Reacting to Price Drops: Middle Years

I examined what happens to a 100% stock investor after a 50% loss spread over two years. I assumed that starts out with $100000. I assumed that he would cut his stock allocation to 20% after such a blow.

Scenario Surfer Runs

I started out with 100% stocks. I cut back to 20% stocks whenever I suffered a 50% loss over two years. I invested entirely in stocks and 2% TIPS. I started with a $100000 balance. I selected P/E10=26 Bear Market. I made no deposits and no withdrawals. Here are the Year 15 balances.
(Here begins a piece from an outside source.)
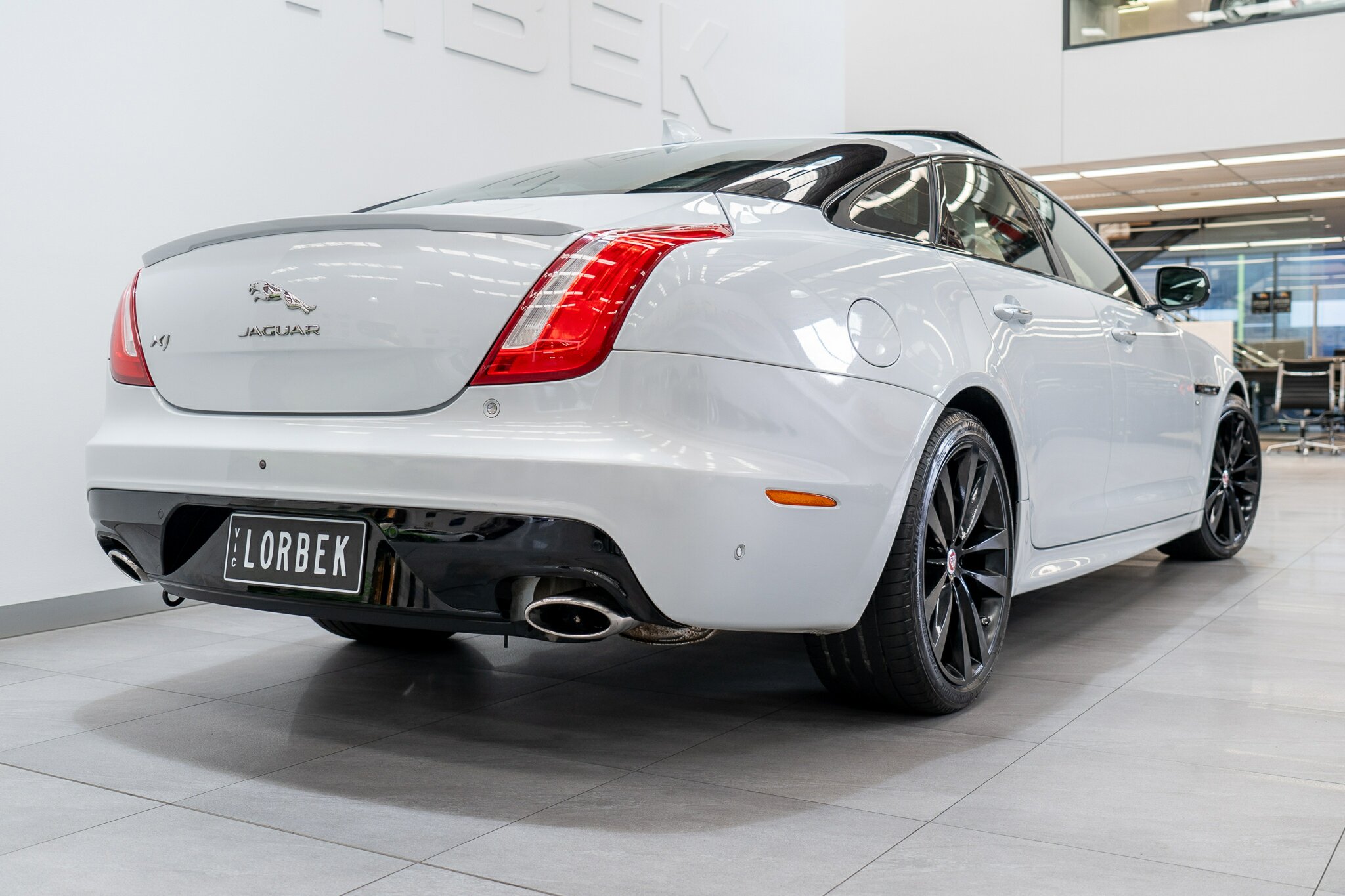 2016 JAGUAR XJ X351 MY16 3.0 V6 SC R-SPORT SWB 8 SP AUTOMATIC 4D SEDAN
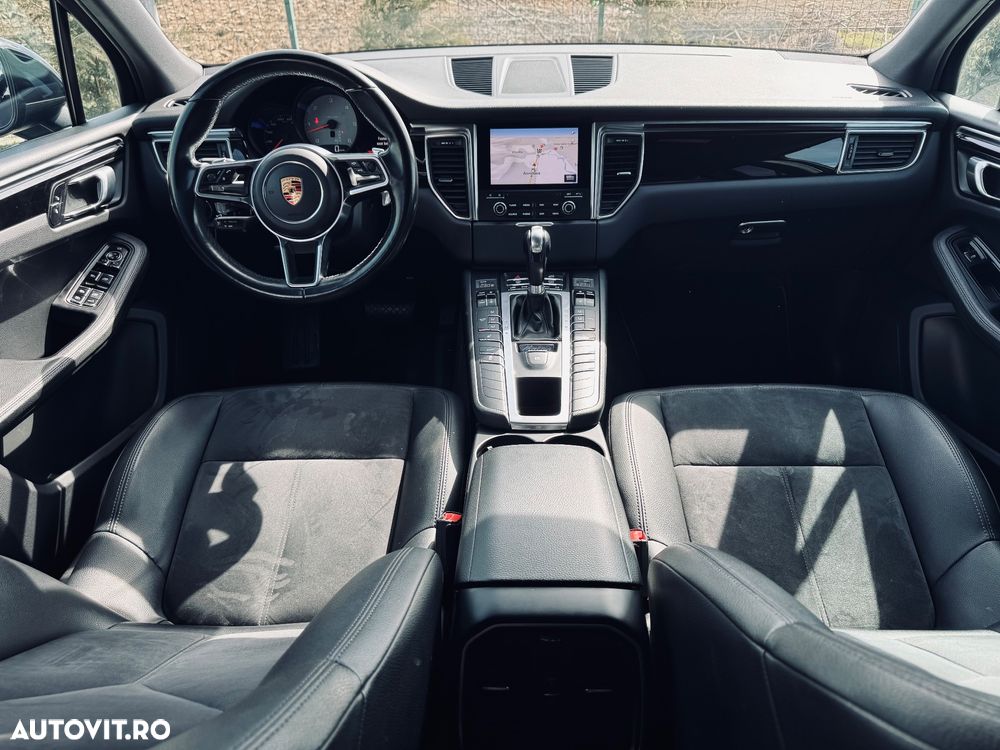 Porsche Macan - 2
I did not vary allocations in accordance with valuations.

Run 1.
Years of Change: 5.
20% rebalanced: 147,354.
50% rebalanced: 158,140.
80% rebalanced: 156,469.
100% Stocks initially: 96,270.

Run 2.
Years of Change: never.
20% rebalanced: 133,887.
50% rebalanced: 128,246.
80% rebalanced: 117,599.
100% Stocks initially: 108,202.

Run 3.
Years of Change: never.
20% rebalanced: 141,897.
50% rebalanced: 148,213.
80% rebalanced: 148,469.
100% Stocks initially: 145,226.

Run 4.
Years of Change: never.
20% rebalanced: 132,544.
50% rebalanced: 122,722.
80% rebalanced: 106,160.
100% Stocks initially: 92,465.

Run 5.
Years of Change: never.
20% rebalanced: 137,702.
50% rebalanced: 138,553.
80% rebalanced: 134,640.
100% Stocks initially: 129,442.

TIPS Baseline:2% TIPS, no stocks: 134,585.

Data Summary

Here are the ordered Year 30 balances:

145,226.
129,442.
108,202.
96,270 (change in Year 5).
92,465.

TIPS Baseline: 134,585.

Analysis

Only once did the balance fall far enough to pass the two year 50% price drop threshold. For other conditions, prices typically dropped well below the starting balance, but recovered later. Switching to a 20% allocation locked in failure.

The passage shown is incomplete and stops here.